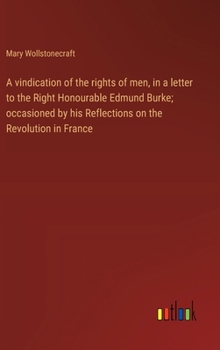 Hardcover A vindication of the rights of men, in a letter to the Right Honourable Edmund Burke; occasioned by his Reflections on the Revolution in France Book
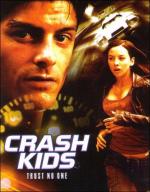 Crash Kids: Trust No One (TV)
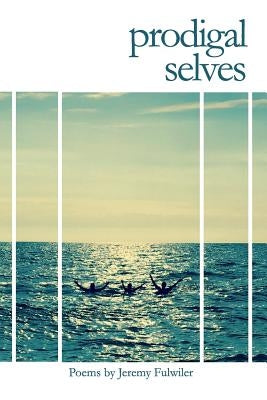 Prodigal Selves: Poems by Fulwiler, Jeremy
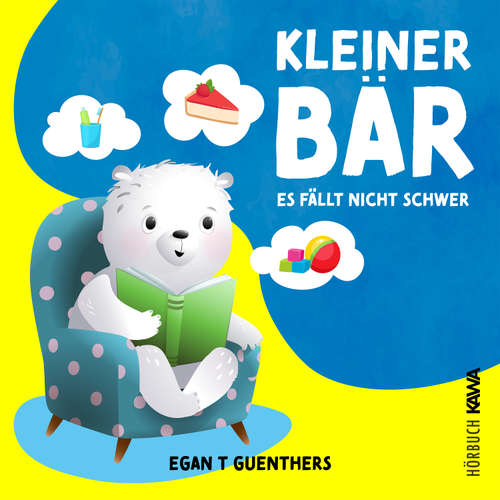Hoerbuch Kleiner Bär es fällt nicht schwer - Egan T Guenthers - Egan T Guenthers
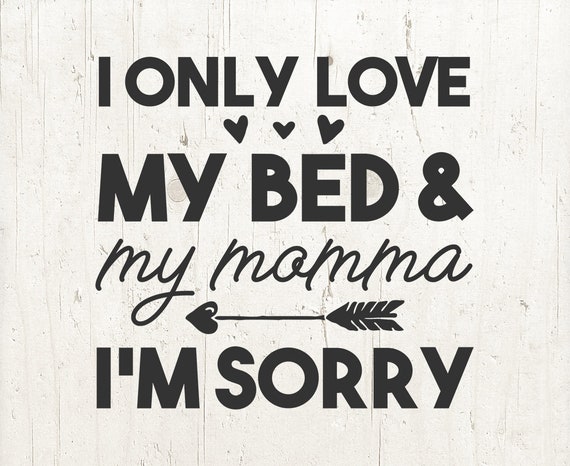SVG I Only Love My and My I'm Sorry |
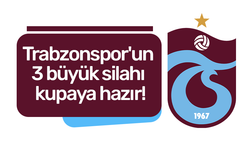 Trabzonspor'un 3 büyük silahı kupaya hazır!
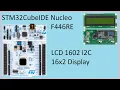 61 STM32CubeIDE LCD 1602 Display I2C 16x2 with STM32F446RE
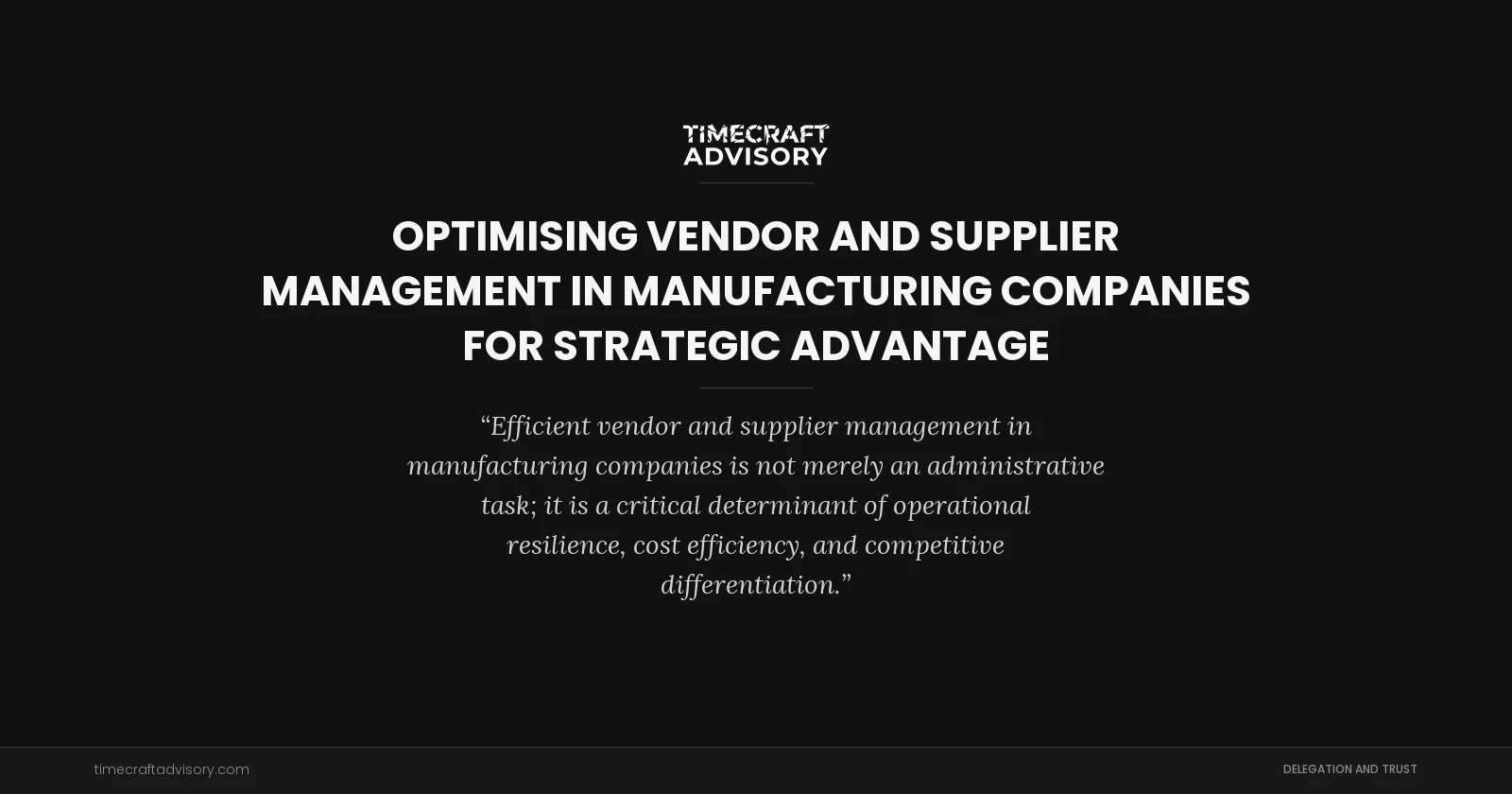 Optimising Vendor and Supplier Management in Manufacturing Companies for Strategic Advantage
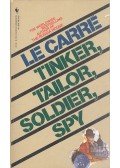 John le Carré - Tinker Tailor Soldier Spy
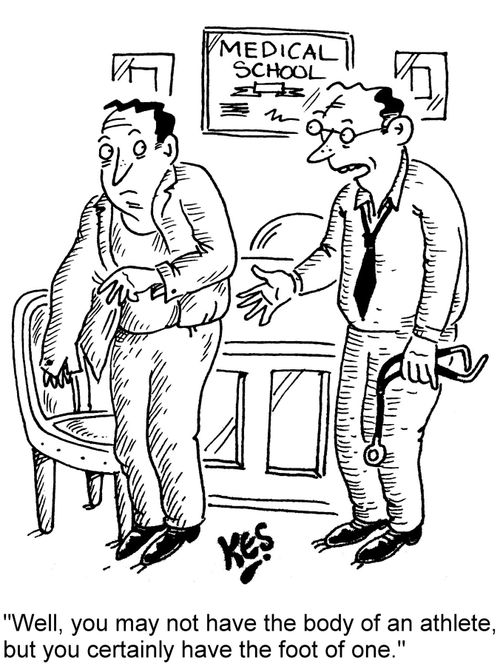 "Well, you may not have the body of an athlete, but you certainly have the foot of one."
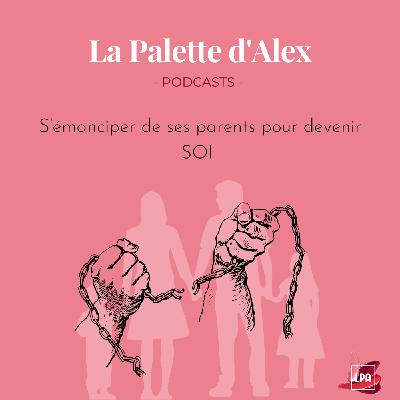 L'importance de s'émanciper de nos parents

══════

THE PROBLEM – Write the records above out again exactly, but not the pictures.

SOLUTION BELOW –
 Hardcover A vindication of the rights of men, in a letter to the Right Honourable Edmund Burke; occasioned by his Reflections on the Revolution in France Book
 Crash Kids: Trust No One (TV)
 Prodigal Selves: Poems by Fulwiler, Jeremy
Hoerbuch Kleiner Bär es fällt nicht schwer - Egan T Guenthers - Egan T Guenthers
SVG I Only Love My and My I'm Sorry |
 Trabzonspor'un 3 büyük silahı kupaya hazır!
 61 STM32CubeIDE LCD 1602 Display I2C 16x2 with STM32F446RE
 Optimising Vendor and Supplier Management in Manufacturing Companies for Strategic Advantage
 John le Carré - Tinker Tailor Soldier Spy
 "Well, you may not have the body of an athlete, but you certainly have the foot of one."
 L'importance de s'émanciper de nos parents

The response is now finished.